Diffamation : un hyperlien étend le délai de prescription
Publié par Ariane Beky le | Mis à jour le
Un lien hypertexte renvoyant vers un contenu antérieur peut faire à nouveau courir le délai de prescription de l'action en diffamation, selon un arrêt de la Cour de cassation.
L'action en diffamation oppose un inspecteur des impôts à un ancien promoteur, relève un blog du Monde. Dans son arrêt du 2 novembre 2016, la Cour de cassation conclut qu'un lien hypertexte inséré dans un nouveau contenu peut constituer un « nouvel acte de publication » du texte antérieur vers lequel le lien pointe. Cet acte étend le délai de prescription trimestrielle prévu par la loi.
En 2010, Henri Y. se dit victime de contrôles et redressements fiscaux et cite, sur son site Internet, le nom et les pratiques présumées d'inspecteurs des services fiscaux, parmi lesquels Louis X.. En 2011, Henri Y. poste un nouveau billet de blog véhément sur le sujet. Il insère dans ce nouveau texte un lien, parmi d'autres, renvoyant vers un fichier PDF donnant citation à comparaître à Louis X. devant le tribunal correctionnel de Paris. Henri Y. l'accuse d'actes attentatoires à la liberté, entre autres.
Diffamation publique
La même année, Louis X. dépose plainte contre Henri Y. pour diffamation publique envers un fonctionnaire. L'affaire a été renvoyée à plusieurs reprises. L'audience se tient finalement en 2013. Y, l'ancien promoteur et architecte, indique alors que le texte incriminé a déjà été publié par ses soins en 2010. À l'époque, la texte n'a pas fait l'objet de poursuites dans les trois mois, il y a donc prescription, selon lui. La 17e chambre correctionnelle du TGI de Paris ne retient pas cet argument. Elle juge, le 25 septembre 2014, que l'hyperlien inséré en 2011 constitue un « nouvel acte de publication » qui étend la prescription de trois mois à compter de cet acte. L'action en diffamation est valide. Les propos incriminés sont jugés diffamatoires. Le TGI ordonne donc leur retrait.
Henri Y. a fait appel de cette décision. Et la cour d'appel de Paris lui donne raison, le 22 octobre 2015. Elle infirme le jugement de première instance. Et juge que le lien renvoie à un « propos ancien et autonome qui n'a pas été en son temps poursuivi et dont la poursuite est aujourd'hui prescrite ».

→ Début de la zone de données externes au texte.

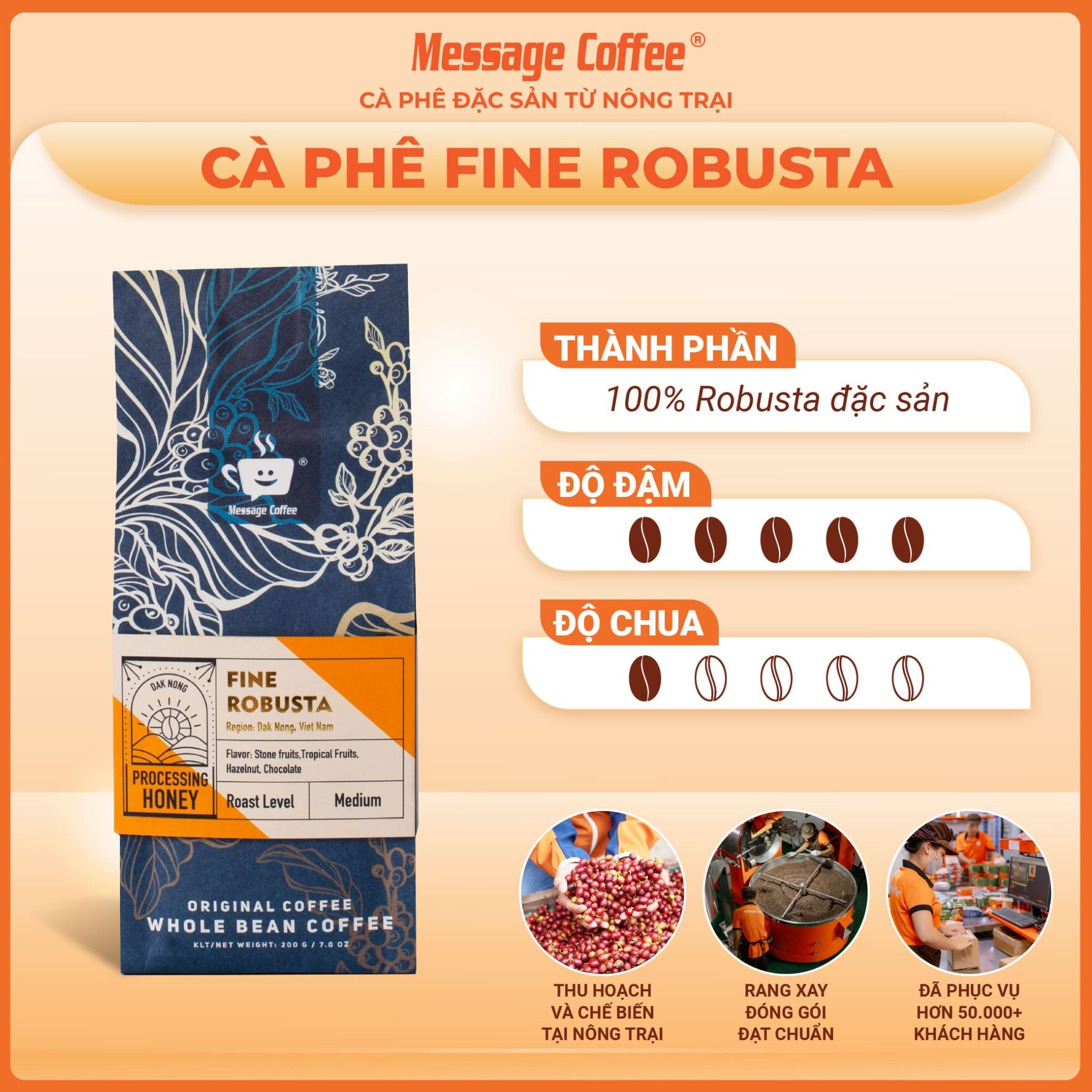  Cà Phê Đặc Sản Fine Robusta - Amazing cup 2022, cafe robusta specialty gu thưởng thức từ Message Coffee gói 200g 
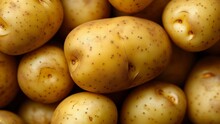 Potatoes Close-up, Texture, Pattern Or Background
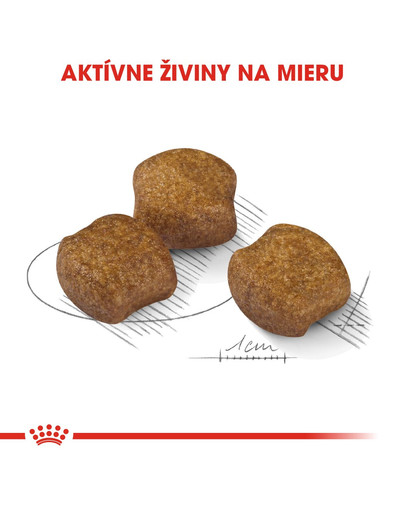 ROYAL CANIN Medium dental care 10 kg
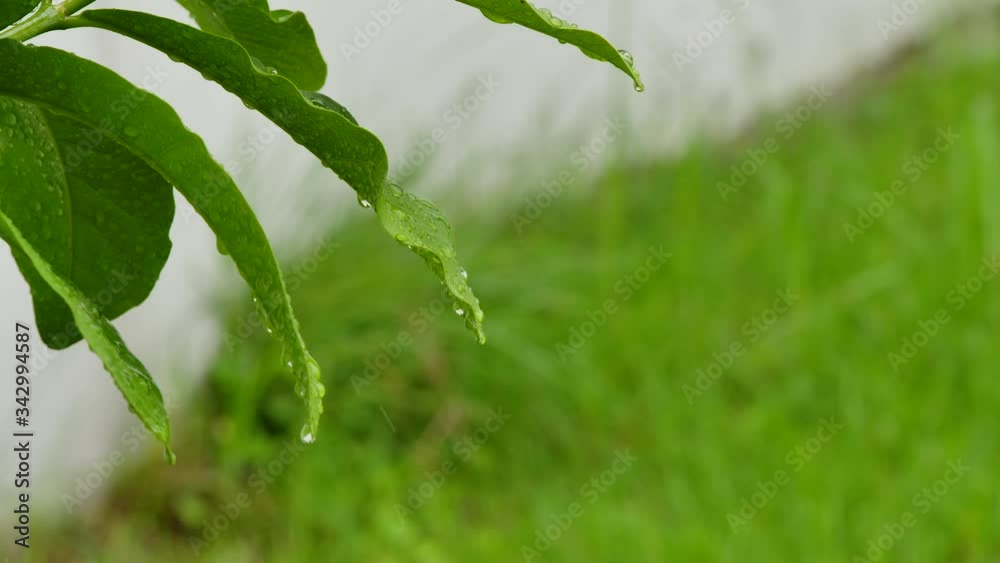 Movement of green leave with water drop from raining Movement of green leave with water drop from raining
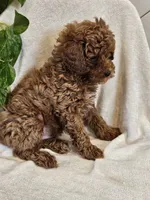Foster, a male Poodle - Miniature  for sale in Blain, PA – 2 of 2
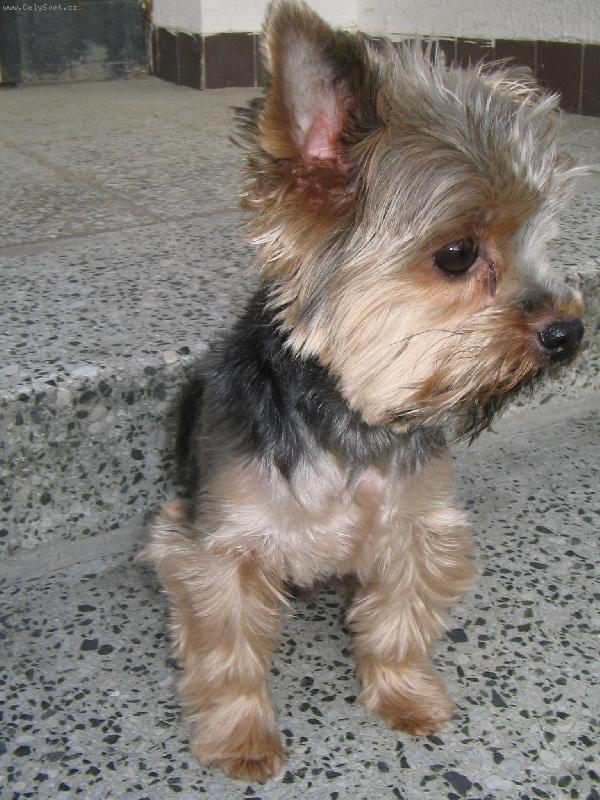 Foto: Nejsem roztomilej??-ve�ern� ptoch�zka..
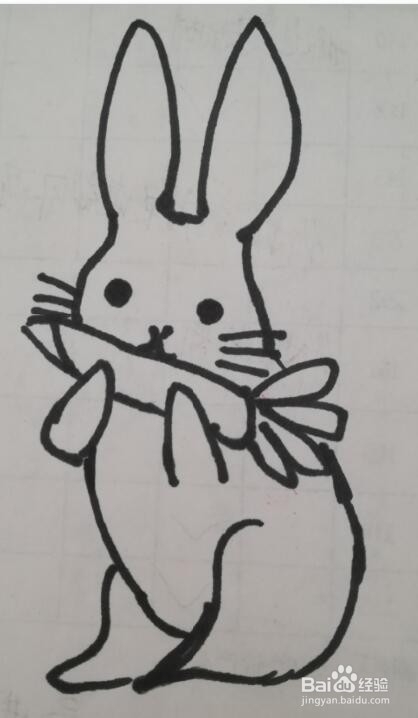 小兔子的画法 小兔子的简笔画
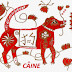 Horoscop chinezesc 2015 - Caine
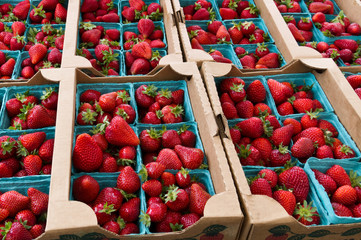 Strawberries in baskets on display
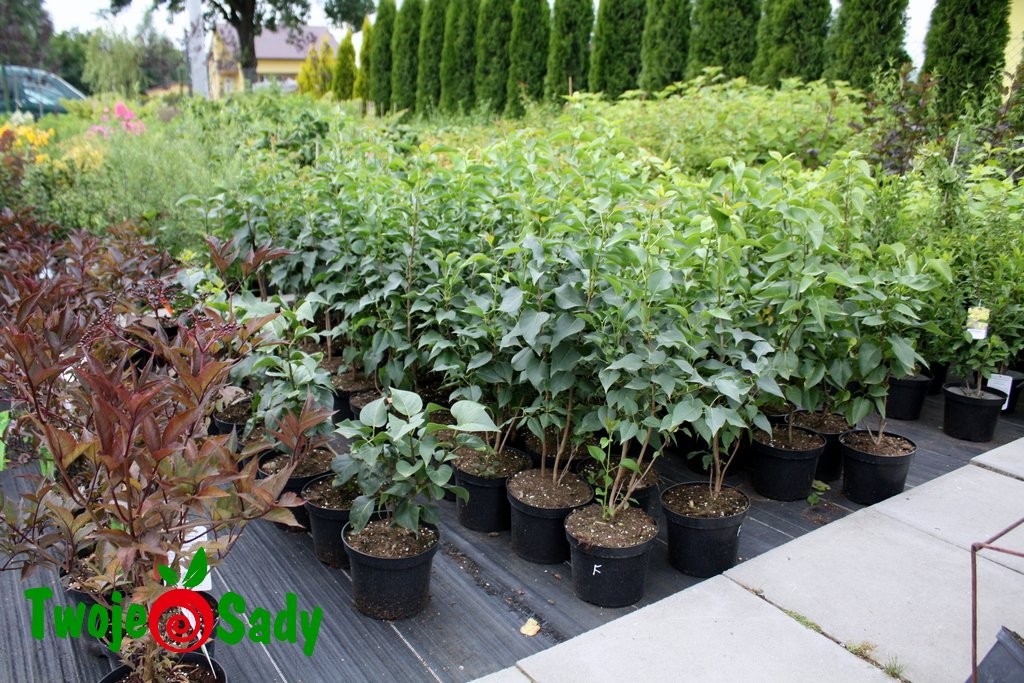 Lilak pospolty STEFAN MAKOWIECKI 50cm doniczka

L'inspecteur des impôts, Louis X., choisit alors de se pourvoir en cassation, avec succès.
Nature du lien et intention
Le délit de diffamation est un délit de presse au sens la loi du 20 juillet 1881 sur la liberté de la presse. Et le delai de prescription de l'action en diffamation est effectivement de trois mois à compter de la première publication du contenu incriminé (article 65 de la loi). Sur Internet, une première publication peut précéder la mise à disposition de ce même contenu à un nouveau public, et étendre ainsi le délai de prescription trimestriel. Pour en décider, il convient de vérifier la nature du lien posé, l'identité de l'auteur et son intention de mettre à nouveau le contenu incriminé à disposition des internautes, a rappelé la Cour de cassation dans son arrêt du 2 novembre.
Elle considère que « publier sur un site internet un nouveau texte, renvoyant à un précédent article, au moyen d'un hyperlien activable, profond et interne, réalise la mise à disposition de cet article à un nouveau public ». Cela constitue un nouvel acte de publication qui étend le délai de prescription.
La Cour casse ainsi l'arrêt rendu en appel et renvoie les parties devant la cour d'appel.